Start of INPUT MATERIAL

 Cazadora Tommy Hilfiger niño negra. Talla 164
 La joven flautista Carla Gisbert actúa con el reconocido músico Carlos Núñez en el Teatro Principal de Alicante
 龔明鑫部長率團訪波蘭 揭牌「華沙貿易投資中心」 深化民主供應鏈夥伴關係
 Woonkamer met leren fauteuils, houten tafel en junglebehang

End of INPUT MATERIAL
Start of INPUT MATERIAL

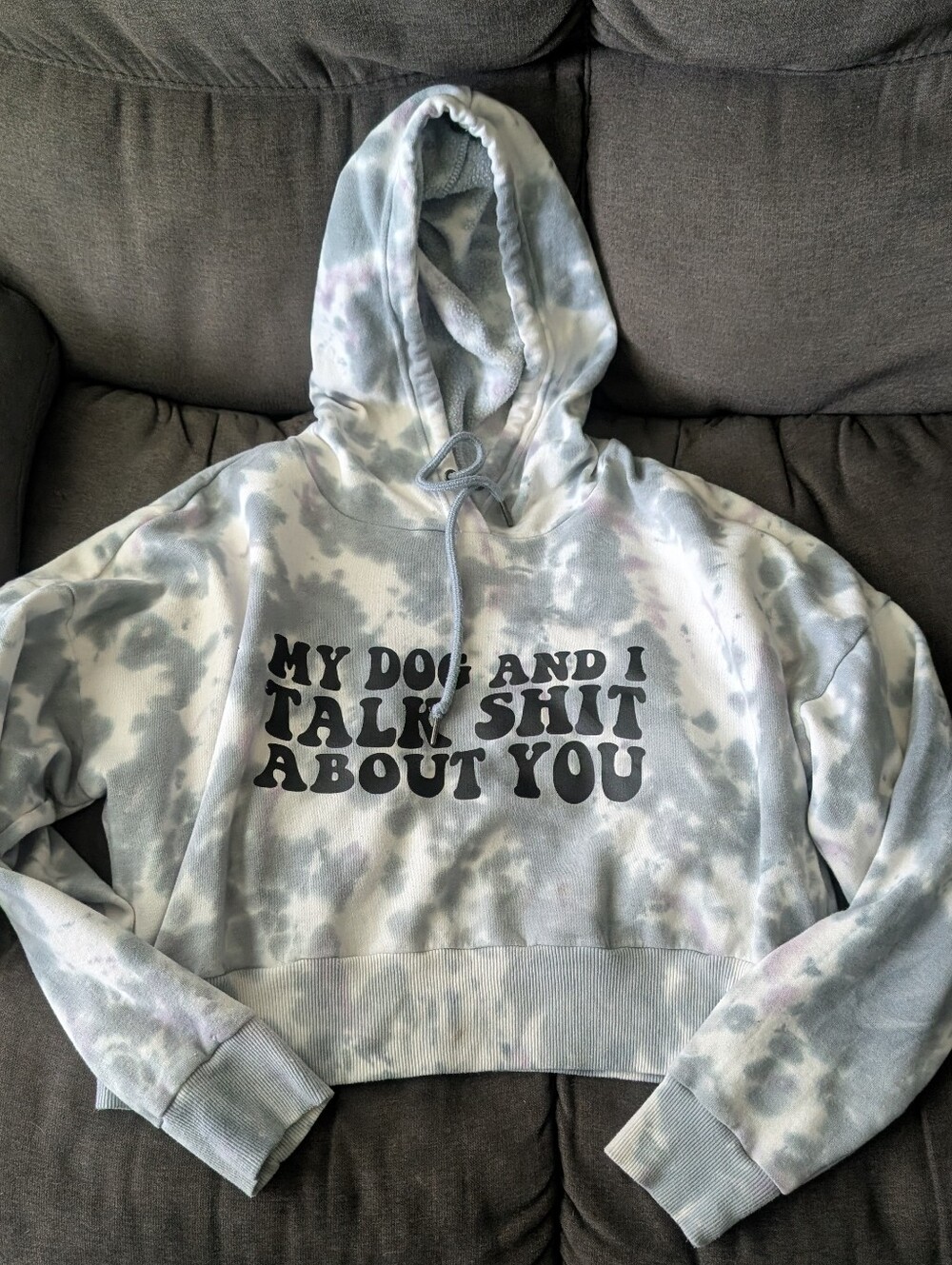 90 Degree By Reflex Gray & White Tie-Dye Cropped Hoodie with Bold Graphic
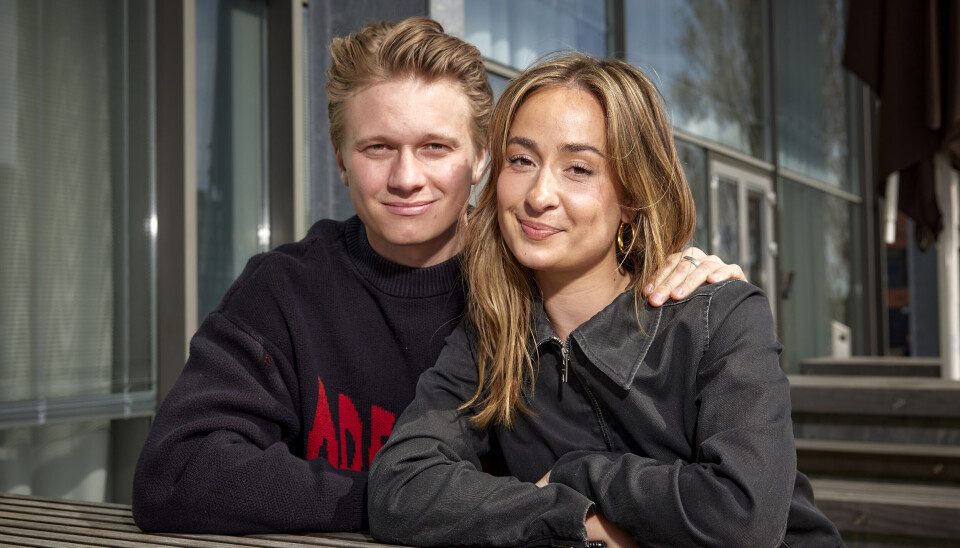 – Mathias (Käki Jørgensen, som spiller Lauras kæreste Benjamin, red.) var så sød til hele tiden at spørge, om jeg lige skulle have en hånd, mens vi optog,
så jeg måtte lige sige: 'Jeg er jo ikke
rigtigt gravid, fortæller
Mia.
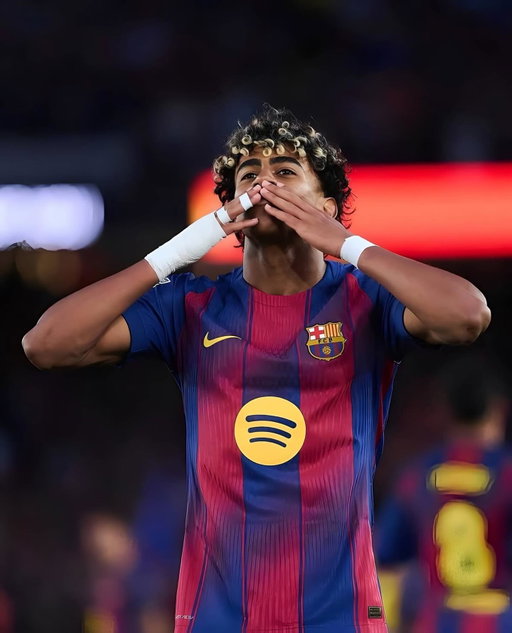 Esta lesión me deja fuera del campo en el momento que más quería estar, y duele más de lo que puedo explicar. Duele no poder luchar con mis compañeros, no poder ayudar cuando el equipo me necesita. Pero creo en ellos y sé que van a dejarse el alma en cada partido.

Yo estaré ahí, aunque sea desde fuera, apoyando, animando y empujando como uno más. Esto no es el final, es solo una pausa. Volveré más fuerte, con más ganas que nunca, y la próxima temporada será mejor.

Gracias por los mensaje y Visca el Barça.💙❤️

End of INPUT MATERIAL

TASK STATEMENT — Give back exactly the lines above starting at the line where "龔明鑫部長率團訪波蘭 揭牌「華沙貿易投資中心」 深化民主供應鏈夥伴關係" appears and ending at the line where "Woonkamer met leren" appears, both included, with no other lines.

WRITTEN RESPONSE —
 龔明鑫部長率團訪波蘭 揭牌「華沙貿易投資中心」 深化民主供應鏈夥伴關係
 Woonkamer met leren fauteuils, houten tafel en junglebehang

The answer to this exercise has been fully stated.